Other highlights included the spectacular carving over the north door, the Bramley Apple window also from Barley Studios, the Patchwork window comprising fragments of mediaeval glass, the 16th century Jean Chastellain windows in the East End and a 20th century war memorial window by Nicholas Mynheer.

After a short journey we arrived at the Workhouse for lunch, followed by a tour around the outside of the building, which preceded and was the model for other workhouses under the New Poor Law of 1834. Southwell was the brainchild of the Rev. J.T.Becher who, after experimenting on a small scale, encouraged 49 neighbouring parishes to pool their resources with his and build the new workhouse in 1824 and now in the hands of the National Trust. Becher divided the poor into the deserving and the undeserving and separated the men from the women and the building reflects this in its layout. It was run on a day to day basis by a Master assisted by a Matron and Schoolteacher and overseen by the Board of Guardians. Life was hard and food although adequate was hardly gourmet, consisting mainly of bread and gruel. It was seen as the last resort for those in need who had to register for admission beforehand, unless, as in the case of vagrants, they stayed one night and worked in exchange for food before moving on.

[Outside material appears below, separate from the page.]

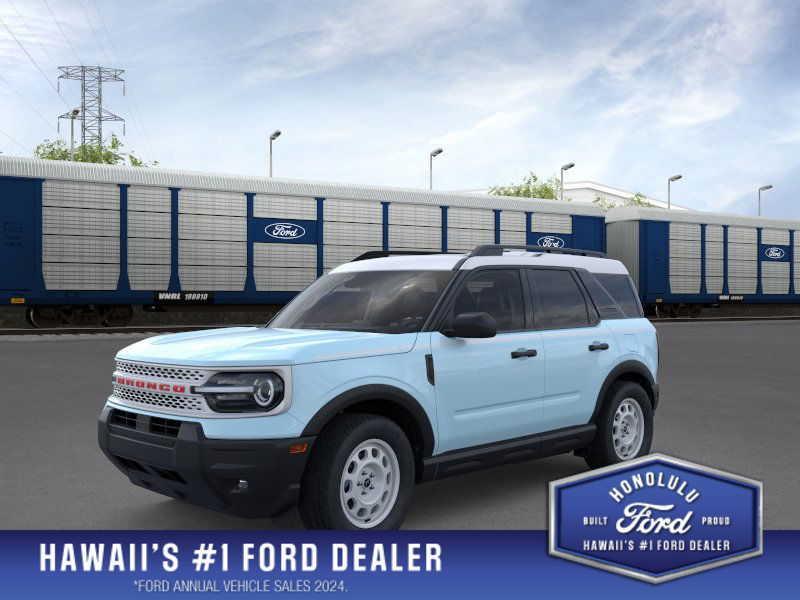 new 2025 Ford Bronco Sport car, priced at $38,880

In 1929, authority for the Workhouse was transferred from the Guardians to the Local Authority and Southwell became a Public Assistance Institution. With the Welfare State reforms actioned in 1948 former elderly residents were moved into the two Infirmaries – one for men and one for women, while the main house was used for staff and as a kitchen. In addition, until as late as 1977, the council used the women’s wing as temporary homeless accommodation with beds crammed up against each other and families forced to share sanitary facilities.

The building itself is very fine and is based on Jeremy Bentham’s panopticon principle, looking out over the site and in particular over a very good vegetable and herb garden. The grand entrance at the front was, of course, only used by the Guardians and the Master; never by the residents who inhabited the warren like rooms entered from the rear, many up narrow cold stone stairs. This was not so much a place to enjoy but to find informative and for reflection – a genuine contrast with the beauty of the Minster.